I have a photo storage site in which photos are uploaded by users registered in the website.

The Question

Now i have thought of two approaches of accomplishing that stuff.

Files uploaded to my server is expected to be huge ~>100 million

Approach 1

These two /pictures/hd/ & /pictures/low/ directories will contain all the files uploaded by the user.

$newfilename  =  $user_id.time().$filename; //$filename = actual filename of uploaded file
$src = '/pictures/hd/'.$newfilename; //for hd pics

Inserting that into mysql by

insert into pics(`user_id`,`src`)VALUES('$user_id','$newfilename')

Approach 2

These two /pictures/hd/ & /pictures/low/ directories will contain sub-directories of the files uploaded by the user.

This is going to create lots of subdirectories with the name as user_id of the user who is uploading the file into the server.

if (!is_dir('/pictures/hd/'.$user_id.'/')) {
   mkdir('/pictures/hd/'.$user_id.'/');         
 }
$newfilename  =  $user_id.'/'.$user_id.time().$filename; //$filename = actual filename of uploaded file
$src = '/pictures/hd/'.$newfilename; //for hd pics

Inserting that into mysql by

insert into pics(`user_id`,`src`)VALUES('$user_id','$newfilename')

Retrieval

When retrieving the image i can use the src column of my pics table to get the filename and explore the hd file using the '/pictures/hd/'.$src_of_picstable and lowq files using '/pictures/low/'.$src_of_picstable

Upvotes: 0

Views: 633

Answers (2)

symcbean
symcbean

Reputation: 48387

The right way to answer the question is to test it.

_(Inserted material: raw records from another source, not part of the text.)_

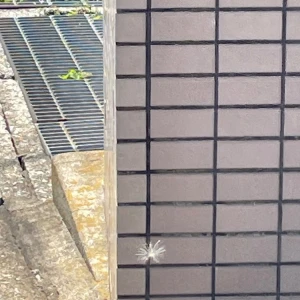 ケサランパサラン？の写真1枚目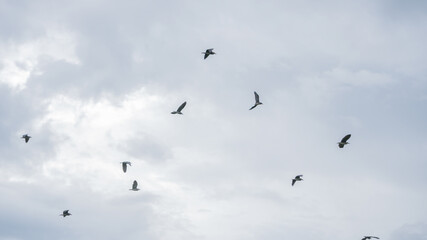 Many birds flying in the sky beautifully.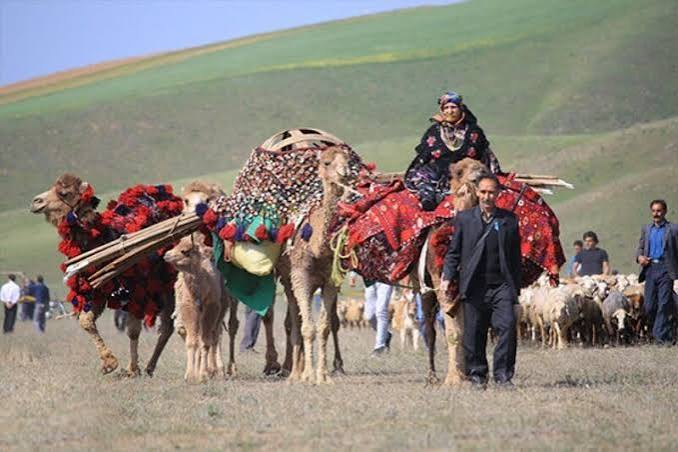 آغاز کوچ پاییزه عشایر خراسان رضوی به مناطق قشلاقی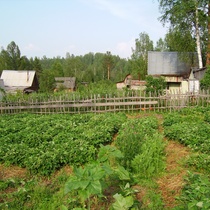 Посадки земляники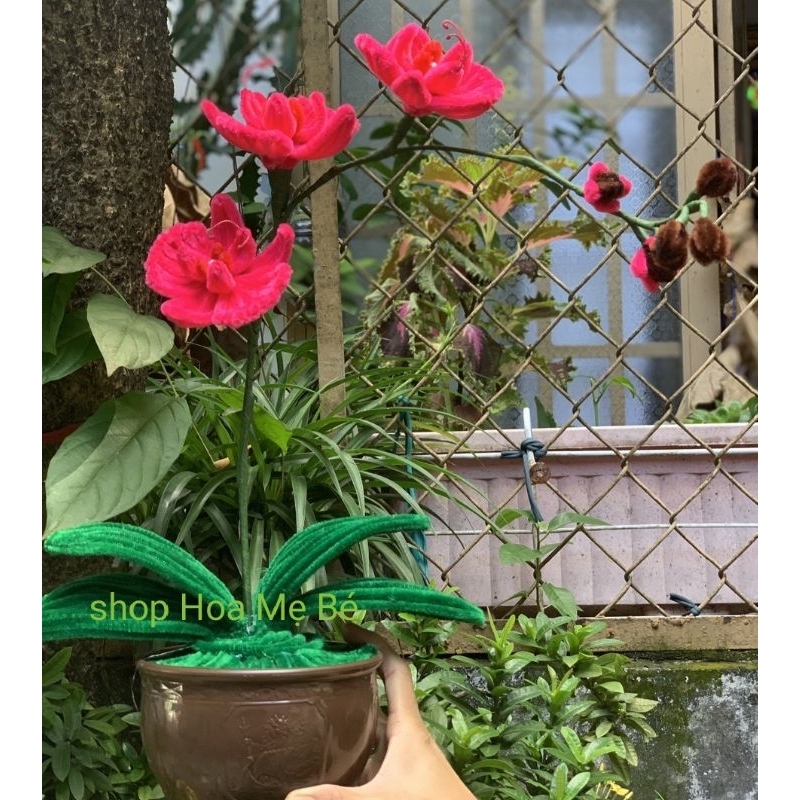 Chậu hoa lan kẽm nhung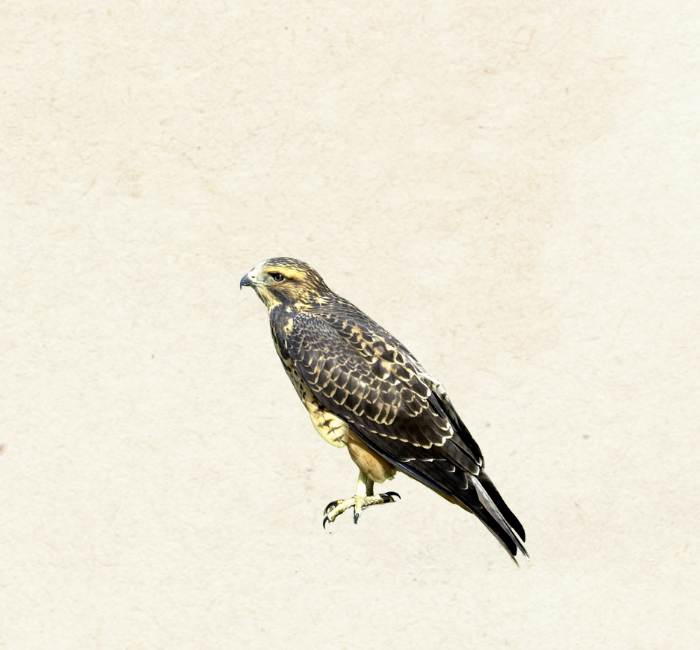 rough legged hawk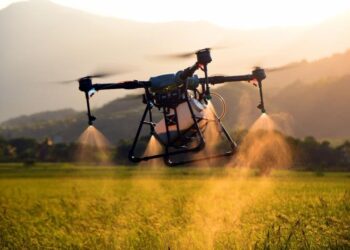 沙崙智慧綠能科學城AI智慧科技應用蓬勃，南市府助力打造AI產業落地聚落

Which is faster will depend on the number of files and the underlyng filesystem; ext3,4 will quite happily cope with very large numbers of files in a single directory (dentries atr managed in an HTree index). Some filesystems just use simple lists. Others have different ways of optimizing file access.

Your first problem of scaling will be how to manage the file set across multiple disks. Just extending a single filesystem across lots of disks is a bad idea. If you have lots of directories, then you can have lots of mount points. But this doesn't work all that well when you get to terrabytes of data.

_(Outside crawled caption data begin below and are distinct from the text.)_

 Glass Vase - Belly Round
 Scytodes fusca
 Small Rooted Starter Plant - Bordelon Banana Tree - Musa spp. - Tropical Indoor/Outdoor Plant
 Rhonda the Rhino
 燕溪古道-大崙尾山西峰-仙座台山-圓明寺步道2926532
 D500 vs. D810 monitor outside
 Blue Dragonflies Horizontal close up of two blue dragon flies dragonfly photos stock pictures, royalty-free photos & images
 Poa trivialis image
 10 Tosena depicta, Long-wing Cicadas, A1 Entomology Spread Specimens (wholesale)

However that the content is indexed independently of the file storage means that it doesn't matter what you choose now for your file storage, because you can easily change the mapping of files to location later without having to move your existing dataset around.

Upvotes: 1

insanebits
insanebits

Reputation: 838

I wouldn't suggest single directory approach for two reasons. Firstly, if you're planning to have a lot of images your directory will get really big. And searching for a single image manually will take a lot longer. This will be needed when you debug something ir test new features.

Second reason for multiple directories is that you can smaller backups of part of your gallery. And if you have really big gallery(lets say several terabytes) single hard drive might not be enough to contain them all. With multiple directories you can mount each directory on separate hard drive and this way handle almost infinite size gallery.

My favorite approach is YYYY/MM/type-of-image directory structure. This way you can spot when did you introduce some bug by looking month by month. Also you can make monthly backups without duplicating redundant files. Also making quarterly snapshots of all gallery just in case.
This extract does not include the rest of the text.